Mas, admitamos por um momento, usando a criatividade que num futuro encontraremos novos percursos que nos permitirão falar de um modo cientificamente sensato de uma realidade física que excede aquilo que hoje chamamos de “universo”: seria realmente interessante! Mas neste caso teremos só deslocado mais para longe o horizonte, como quando Bessel em 1838 mediu a primeira distância de uma estrela (61 Cygni), ou quando Hubble em 1922 mostrou que o universo não coincide com a nossa Galáxia, mas é um oceano de milhares de galáxias. O universo seria ainda mais vasto do que aquilo que pensamos hoje, mas a pergunta fundamental permaneceria intacta: de onde provem, ultimamente, tudo o que existe?
“O universo criou a si mesmo do nada, não tem necessidade de um criador”, responde Hawaking, carregando a afirmação da sua presente autoridade de cientista. Mas o que é então esse “nada” do qual tudo teria se iniciado? Hawking responderá que é o “vazio” quântico primordial no qual uma flutuação pode dar origem a uma partícula, e em linha de princípio, às realidades físicas mais complexas. Mas isso significa que o “vazio” dos físicos é radicalmente diferente do “nada” dos filósofos e dos teólogos. Ou melhor, se as coisas acontecessem realmente assim, aquele “vazio” inicial acabaria por ser oposto do “nada”: seria a realidade física mais “cheia” que se possa imaginar, a semente criadora do qual brota a flor do universo.

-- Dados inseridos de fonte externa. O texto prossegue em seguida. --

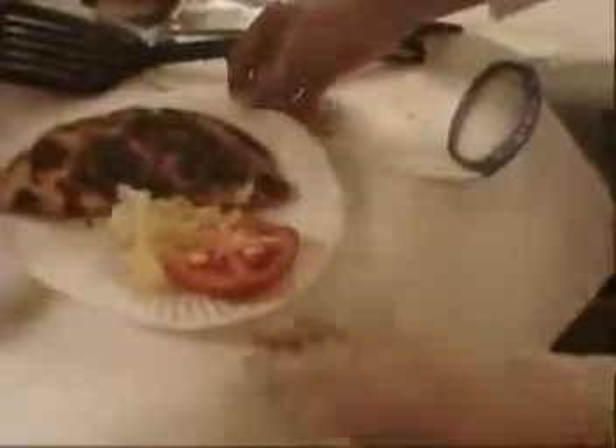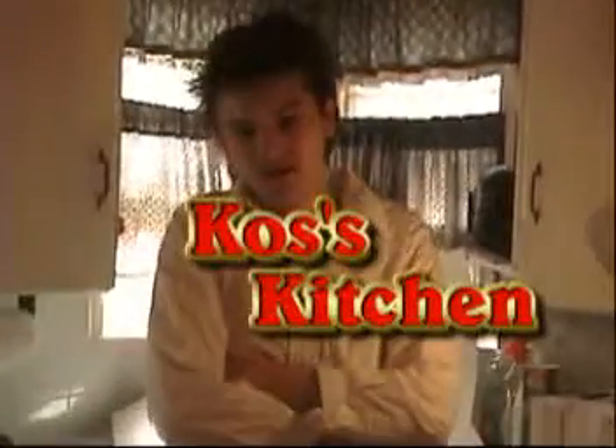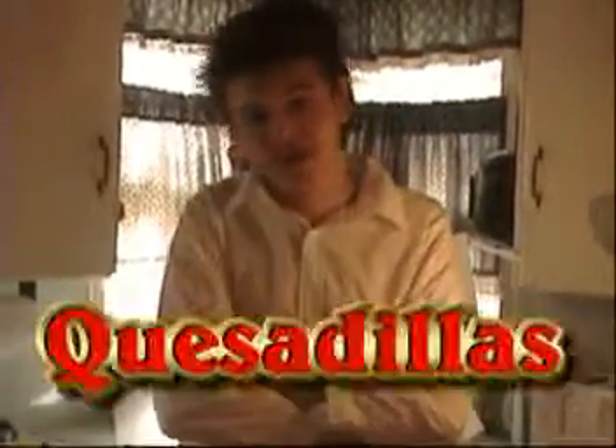Quesadillas are traditionally served with some tomato and lettuce — a little salad to go with it. And there you go, quesadilla. This has been Coz's Kitchen making quesadillas.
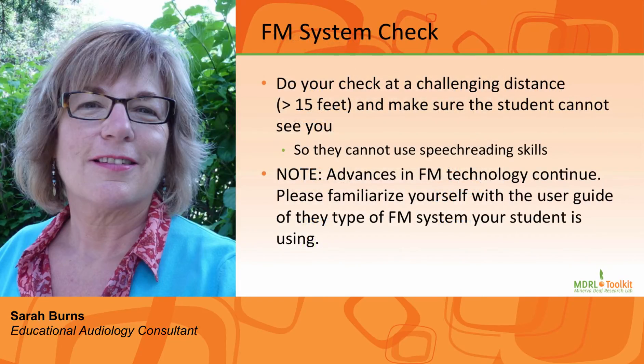For the FM system check, you do the same as with a hearing aid, but because the FM system eliminates the element of distance, you will need to do your check at a challenging distance — usually greater than 10 to 15 feet — and make sure the student cannot see you. Watch the videos on FM systems for additional information on how to use this essential tool for education.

Portanto renasce a inevitável pergunta: este “vazio” primordial, de onde vem? E as leis da física, que nele agem, quem as inventou? Se também existissem multidões de universos com leis diferentes, de onde veria a meta-lei tão bem articulada para gerar tudo aquilo? A exigência de explicação da razão humana não se detém: nenhuma “teoria do tudo” poderá jamais aquietar a sede de indagar mais. Mas há uma última, mais pungente pergunta: por quê? É a mesma pergunta da criança. E do filósofo: “por que o ser ao invés do nada?”, diria ele. Ou do poeta Leopardi: “para que tantas tochas?” Por que existe a flor, qual o propósito do universo? Por que nós, nessa imensidão, tão estranhamente capazes de compreender o real? Por que esta beleza do mundo, que a ciência nos permite contemplar sempre mais profundamente? Por que a dor, por que o nosso infinito desejo, a nossa sede de conhecimento e felicidade? Eis a exigência abissal, à qual a ciência não é capaz nem mesmo de balbuciar uma resposta. De onde vem o fazer-se das coisas, agora? A evidência da criação não é procurada antes de tudo no passado, mas na surpresa de que as coisas existem a cada instante, agora: eu não me faço por mim mesmo, cada coisa, se pudesse pensar, deveria dizer: “Eu não me faço por mim mesma”. Aquele momento dramático de 13,7 milhares de anos atrás, quando tempo e espaço tinham início, é um sinal grandioso da contingência do universo. Mas a criação não é relegada àquele acontecimento passado. Esse é o ato misterioso que traz do nada a cada instante cada estrela ou flor ou criança do universo.